# Rockets Attorney invited back to China.....



## Hollis (Jun 4, 2002)

Rockets attorney Michael Goldberg, who is currently in Korea, is headed back to China after being invited by the CBA to continue talks. Goldberg was quoted as saying he has been invited back to try and "wrap things up".Rockets attorney Michael Goldberg, who is currently in Korea, is headed back to China after being invited by the CBA to continue talks. Goldberg was quoted as saying he has been invited back to try and "wrap things up".

Just to add, Berman had quotes from CD and Rudy T saying that it could take a while based on what they heard from the CBA about the Chinese government. The fact that Goldberg was invited back this soon is a significant sign that things were going well. 

CBA officials were extremely impressed with Goldberg


-Fox 26 in Houston


----------



## John (Jun 9, 2002)

I think Ming is seriously overrated.


----------



## COMPAQ CENTER (Jun 14, 2002)

> Originally posted by *Penny Hardaway *
> I think Ming is seriously overrated.


And this is based on what ?


----------



## Hollis (Jun 4, 2002)

> Originally posted by *Penny Hardaway *
> I think Ming is seriously overrated.


Yeah, and Penny is the next MJ


----------



## Damian Necronamous (Jun 10, 2002)

*Ming*

Penny's right, Ming is way too overrated. And why has he only had one workout? Is he too afraid that he'll stink up the joint and not be picked at all? He needs to act like a man, and show NBA teams what he's got.


----------



## Hollis (Jun 4, 2002)

Yeah, he should just hop a plane over here.... The Chinese government won't allow him over here. You guys should wait to form opinions before you see him play.


----------



## John (Jun 9, 2002)

> Originally posted by *COMPAQ CENTER *
> 
> 
> And this is based on what ?


Asian doesn't have the stamina to play like black people, lack of strength, athletic ability will not do it.

And isn't he the guy who plays perimeter more than inside?
So when was the last time you see a center who plays perimeter more than inside get you deep in the playoffs, let alone winning a championship.


----------



## John (Jun 9, 2002)

And besides that, Cat needs to go as he and Francis are the worst defensive backcourt in the NBA.


----------



## COMPAQ CENTER (Jun 14, 2002)

> Originally posted by *Penny Hardaway *
> 
> 
> Asian doesn't have the stamina to play like black people


That is pathetic to generalize your opinion based on race.

Rockets have been following Ming since he was 17. They scouted him and are very impressed with his talent and his upside.

Rockets can teach him to be the player they imagined. He is still young.

It is not very often that you get a 7'5" player with his agility and smart.


----------



## John (Jun 9, 2002)

And I respect your opinion.


----------



## Chops (May 30, 2002)

> Originally posted by *Penny Hardaway *
> So when was the last time you see a center who plays perimeter more than inside get you deep in the playoffs, let alone winning a championship.

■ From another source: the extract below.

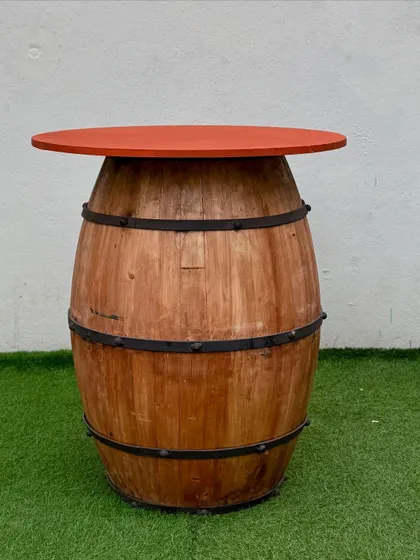 We offer customizable tabletops for our barrel tables. This one features a vibrant orange top, adding a pop of color to the rustic wood.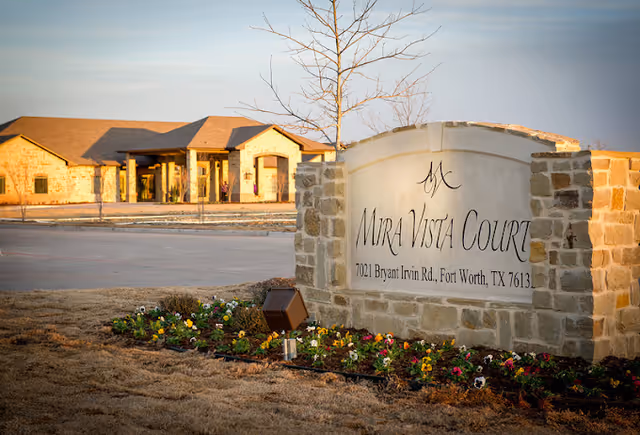 Stone entrance sign reading "Mira Vista Court" with flowers in front of a single-story building under a clear sky.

The Blazers got deep into the WCF with Sabonis and the Kings used Vlade much the same way. Why can't Ming and the Rockets follow the same pattern?


----------



## John (Jun 9, 2002)

> Originally posted by *KC *
> 
> 
> The Blazers got deep into the WCF with Sabonis and the Kings used Vlade much the same way. Why can't Ming and the Rockets follow the same pattern?


But they are not the biggest part of their team's offense.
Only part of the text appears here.